* _Goal of the exercise_:
Transcribe, exactly and without pictures, the lines below from the line with "Then just print" to the line with "Hi, in front", both ends included, and no others.

* _Dataset content_:

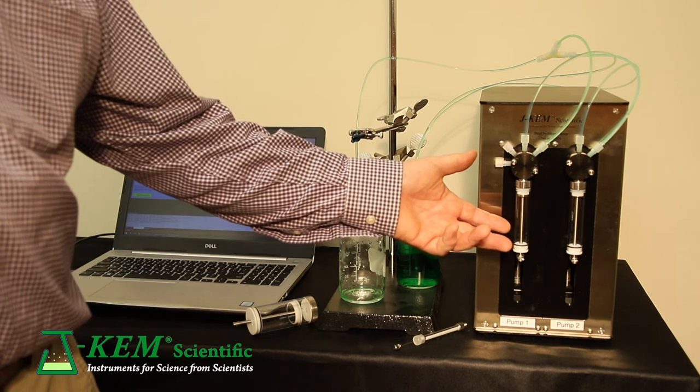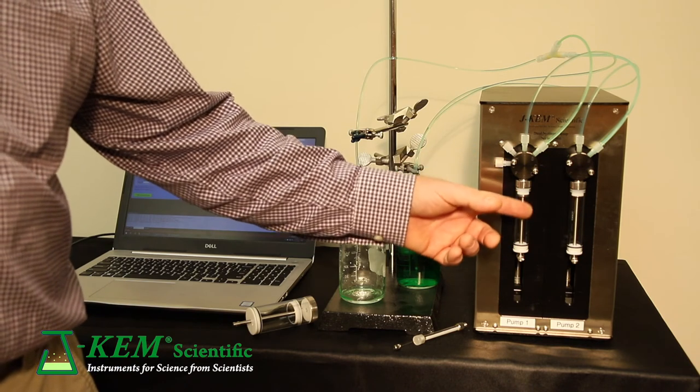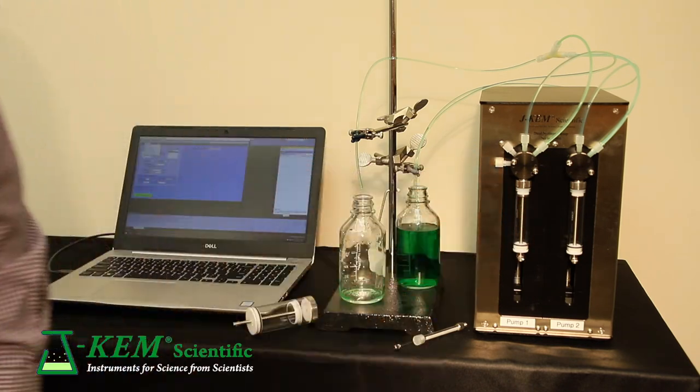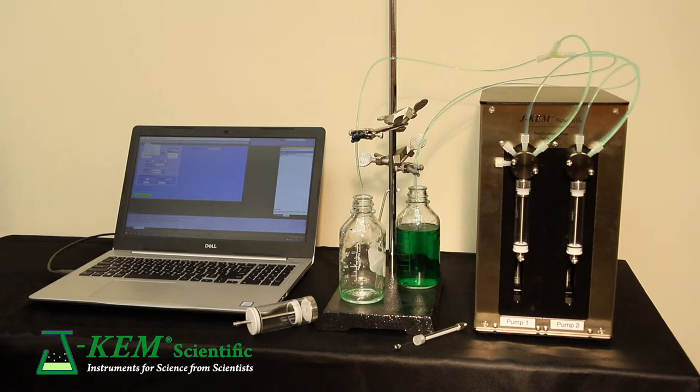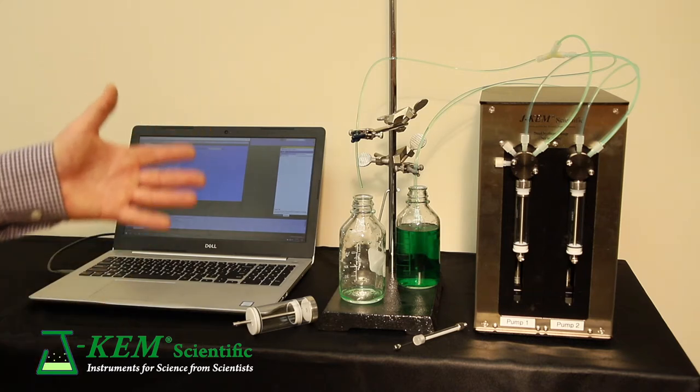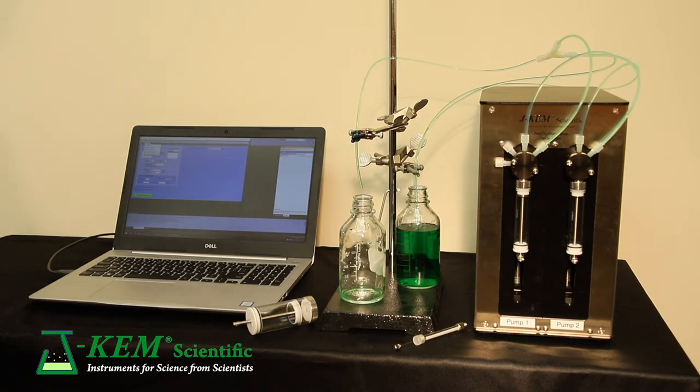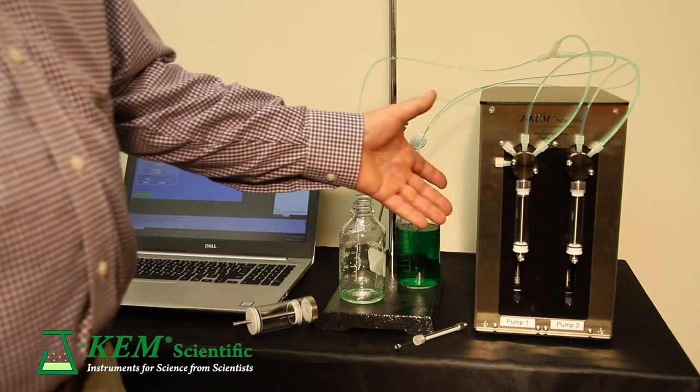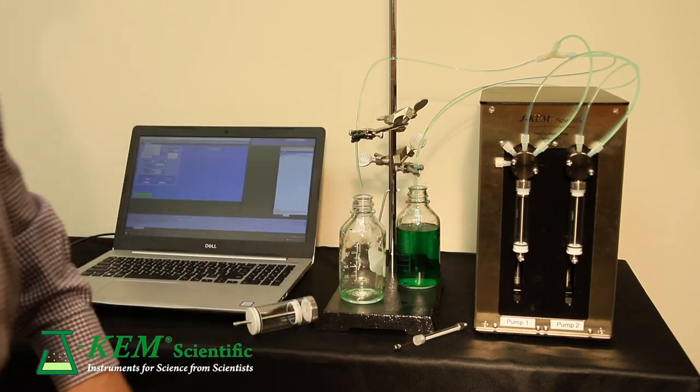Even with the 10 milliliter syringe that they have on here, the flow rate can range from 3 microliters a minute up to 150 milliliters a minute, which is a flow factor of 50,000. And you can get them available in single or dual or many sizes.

--

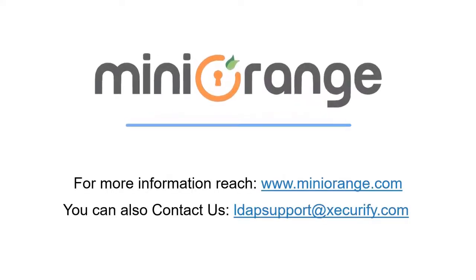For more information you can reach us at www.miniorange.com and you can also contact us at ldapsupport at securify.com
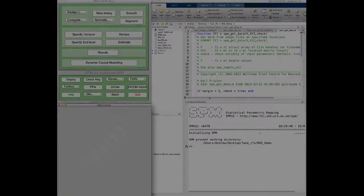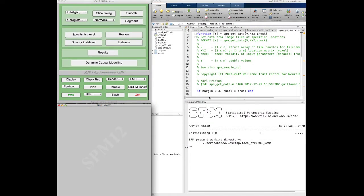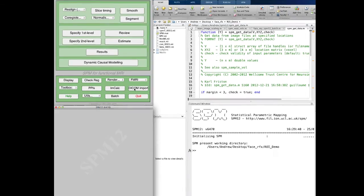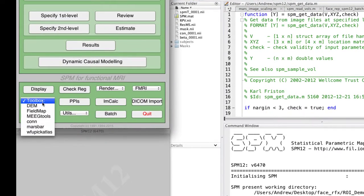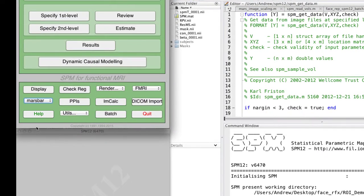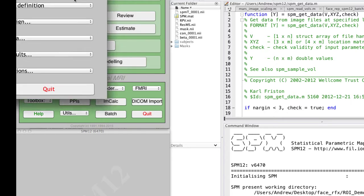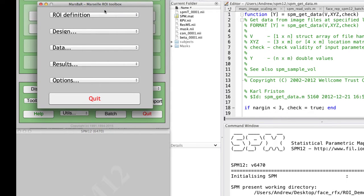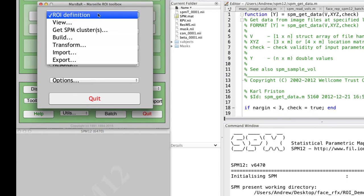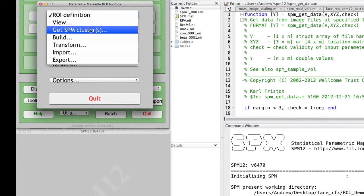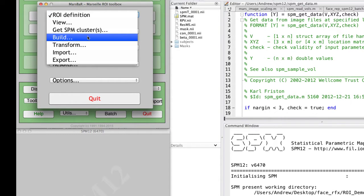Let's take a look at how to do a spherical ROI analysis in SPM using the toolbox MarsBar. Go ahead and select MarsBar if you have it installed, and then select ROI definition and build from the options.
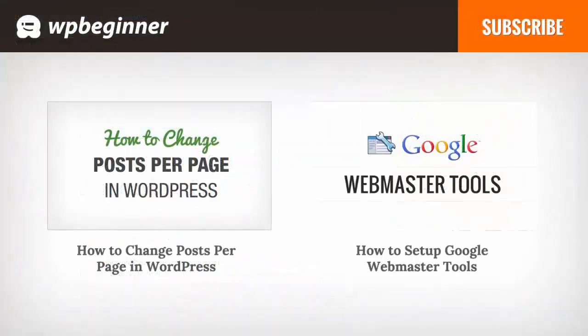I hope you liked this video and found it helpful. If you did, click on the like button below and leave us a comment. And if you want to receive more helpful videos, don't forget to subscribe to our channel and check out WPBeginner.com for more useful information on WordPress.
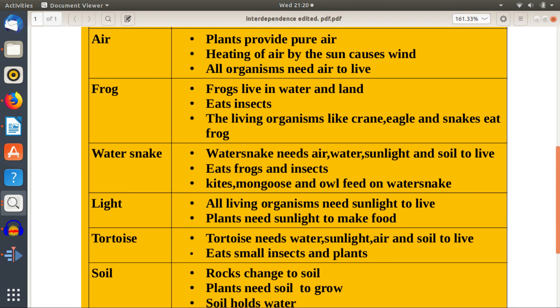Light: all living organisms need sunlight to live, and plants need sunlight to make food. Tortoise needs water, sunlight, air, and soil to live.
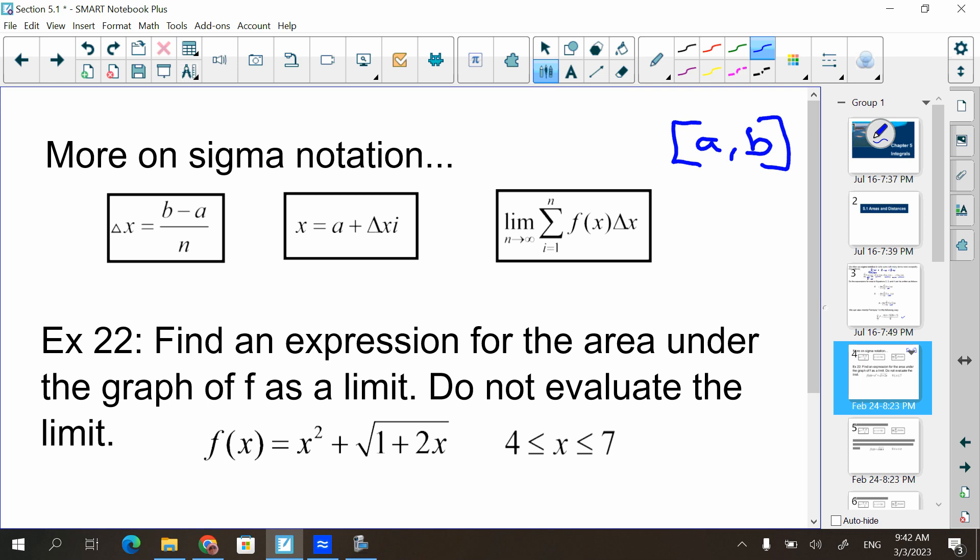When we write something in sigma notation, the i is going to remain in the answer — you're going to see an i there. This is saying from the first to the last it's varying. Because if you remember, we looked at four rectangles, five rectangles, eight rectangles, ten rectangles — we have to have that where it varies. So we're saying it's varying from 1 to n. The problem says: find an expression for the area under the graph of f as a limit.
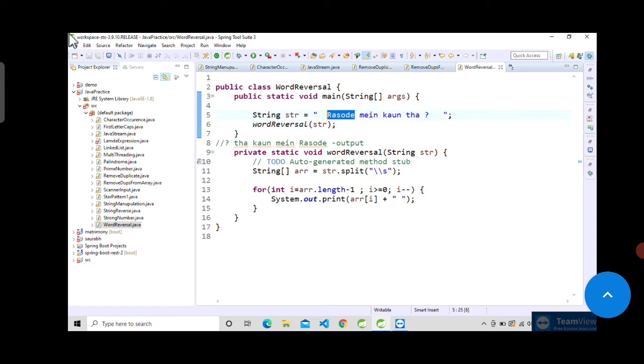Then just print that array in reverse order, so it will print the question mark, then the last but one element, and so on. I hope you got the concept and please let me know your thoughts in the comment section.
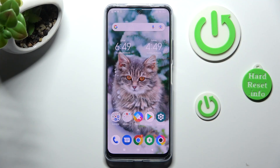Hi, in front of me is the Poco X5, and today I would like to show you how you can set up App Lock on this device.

* * *

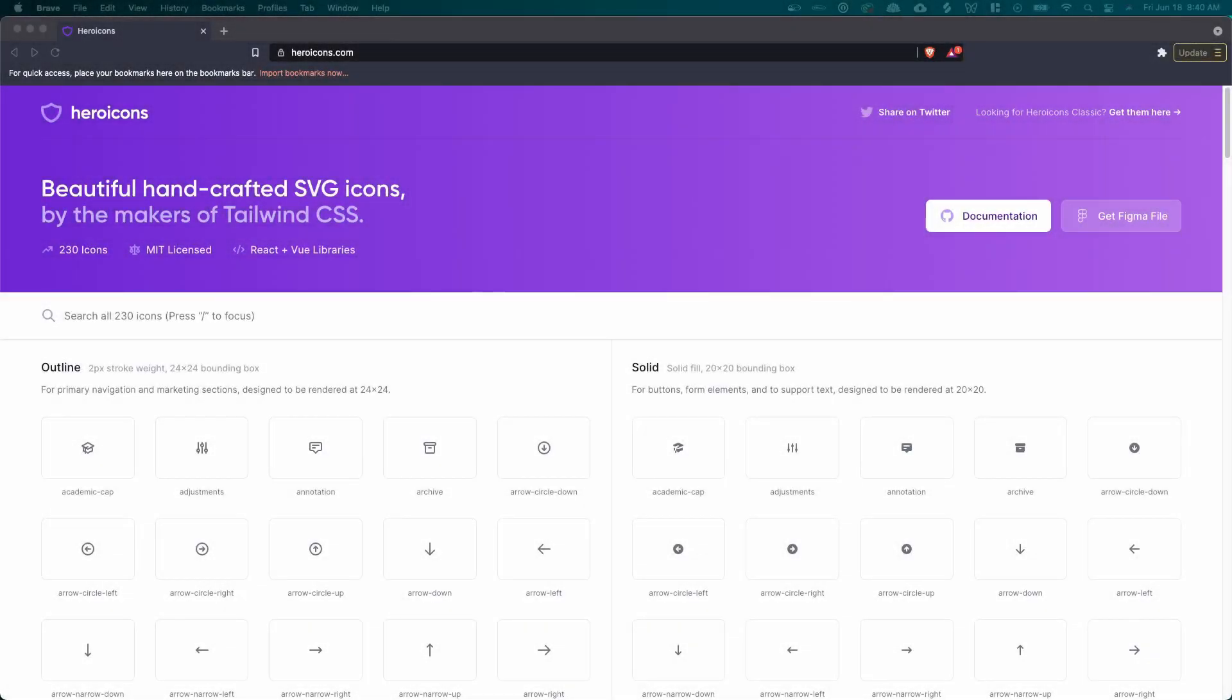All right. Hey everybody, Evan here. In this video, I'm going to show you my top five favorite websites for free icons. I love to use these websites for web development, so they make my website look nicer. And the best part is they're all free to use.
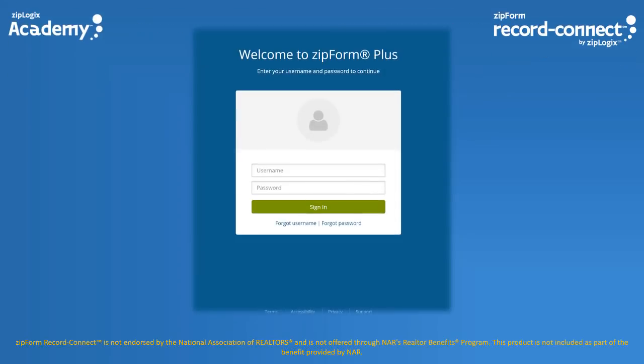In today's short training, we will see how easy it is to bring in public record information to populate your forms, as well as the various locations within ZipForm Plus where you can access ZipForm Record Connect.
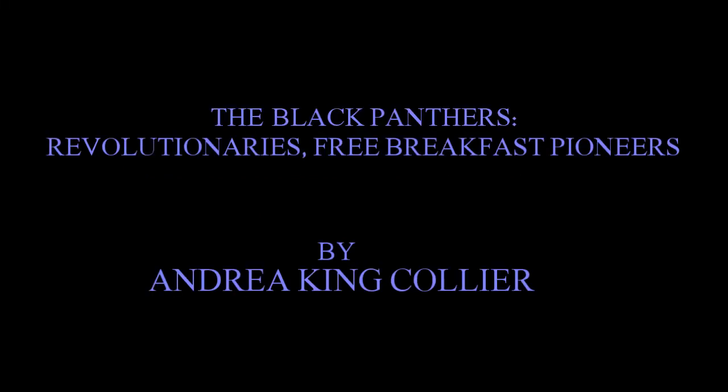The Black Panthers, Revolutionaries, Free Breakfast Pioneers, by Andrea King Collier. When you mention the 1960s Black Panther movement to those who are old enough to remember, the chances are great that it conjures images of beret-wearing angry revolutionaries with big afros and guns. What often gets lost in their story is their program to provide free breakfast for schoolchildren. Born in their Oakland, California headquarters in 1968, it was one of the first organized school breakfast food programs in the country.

* _Exercise output_:
Then just print that array in reverse order, so it will print the question mark, then the last but one element, and so on. I hope you got the concept and please let me know your thoughts in the comment section.
Hi, in front of me is the Poco X5, and today I would like to show you how you can set up App Lock on this device.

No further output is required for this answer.